A total of 275 women with a pregnancy between 35 and 37 weeks were enrolled from the department of obstetrics. Participants were recruited for vaginal trial production in a university-affiliated hospital in Jilin, China from October 2017 to March 2019. Pregnant women, who had not a premature rupture of membranes or premature puberty, and had a pregnancy of less than 35–37 weeks were also included except for pregnant women with a history of antibiotic use within the last month. All cases were confirmed and checked by ultrasonography during the last menstruation and early pregnancy. Human experimental protocols to collect clinical samples were approved by the ethical committees of Beihua University (formal ethical approval number: Protocol Number 2017-10-12). Written informed consent was obtained from all participants in the study.

Sample collection, GBS culture and strain identification were performed as previously recommended [6]. For pregnant women who met the established exclusion criteria, first, the vulva secretion was wiped off without the use of a vaginoscopy. A sterile cotton swab was inserted into the vagina and rotated to collect vaginal secretions. Another swab was inserted into the anus and gently rotated in the anal sphincter at a depth of 2 to 3 cm to determine rectal secretions. Swabs were inserted into sterile bottles and immediately sent for microbial culture. All clinicians involved in sampling were trained in the sampling methods to meet the requirements of the guidelines. The collected specimens were placed in Granada TM-T media (BioMerieux, Granada, France), and cultured for 18–24 hours in an incubator at 35–37 ${}^{\circ }$C. The growth of GBS was identified if the broth showed a color change from colorless to orange. When no color change was observed in broth, they were inoculated with blood agar plates (Oxoid, USA) and placed in an incubator at 35 ${}^{\circ }$C and 5% carbon dioxide for 18–24 hours, to eliminate false negative results. GBS strains were identified by Lancefield antigen serotyping, the hemolysis and cAMP tests in addition to the VITEK-2 microbiology system (BioMerieux, France).

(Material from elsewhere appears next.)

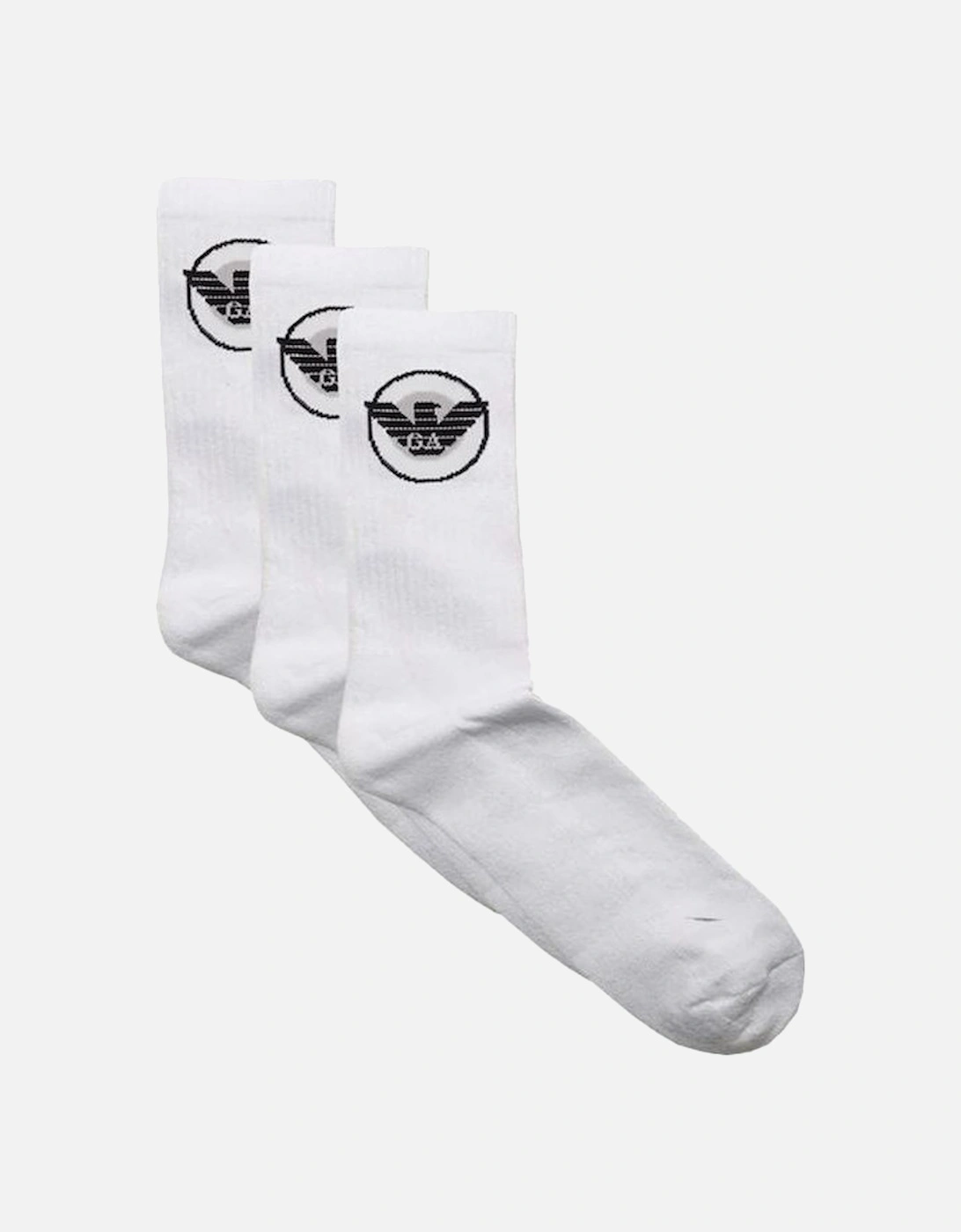 Mens 3pkt Eagle Logo Socks (White), 4 of 3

Susceptibility to a panel of seven antimicrobial agents including penicillin G, vancomycin, erythromycin, tetracycline, levofloxacin, clindamycin, and linezolid (Oxoid, Basingstoke, UK) was determined and elucidated by using an agar doubling dilution method similar to that of the Clinical and Laboratory Standards Institute (CLSI) criteria [7]. Besides, susceptibility to chloromycetin was confirmed with a Kleihauer-Betke (K-B) test as evaluation of the origins of resistance thereto. Control strains were Streptococcus pneumoniae ATCC 49619 and S. ATCC 25923. The data pertaining to all isolates were analyzed using WHONET 5.6 software. SPSS14.00 software was selected for data analysis. The measurement data are expressed as the mean $\pm$ standard deviation and percentage, the paired t test was used for comparison of experimental groups, and P 0.05 was considered statistically significant.

This study included 275 women with a pregnancy of 35–37 weeks. The women had an average age of 28.7 $\pm$ 3.5 years, a minimum age of 19 years and a maximum age of 43 years. All pregnant patient fertilities included 15 cases with high maternal age (more over 35 years), 18 cases were multipara and 257 cases were primipara; 130 cases had one or two abortion history, and only 14 cases underwent more than three abortion. All pregnant women were confirmed and checked by B-mode ultrasonography at the last menstruation and at early pregnancy. Preliminary demographic data for the patients are listed in Table 1: there were no statistical differences in age among patients (P $>$ 0.05).

Of the 275 pregnant women, 20 cases were GBS screen-positive for the vaginal swabs with a colonization rate of 7.27%. In addition, 16 isolates from rectal swabs were also GBS screen-positive. A total of isolated GBS strains were beta-hemolytic on blood agar plates for subculture. The distributions of specimens and GBS screen-positive results are summarized in Table 1.

The antimicrobial susceptibility tests showed that of the 20 GBS strains isolated, 18 (90%) strains were resistant to tetracycline, 14 (70%) strains were resistant to erythromycin, eight (40%) strains were resistant to clindamycin and levofloxacin respectively, and six (30%) were resistant to chloromycetin. All isolates were susceptible to penicillin G, vancomycin, and linezolid.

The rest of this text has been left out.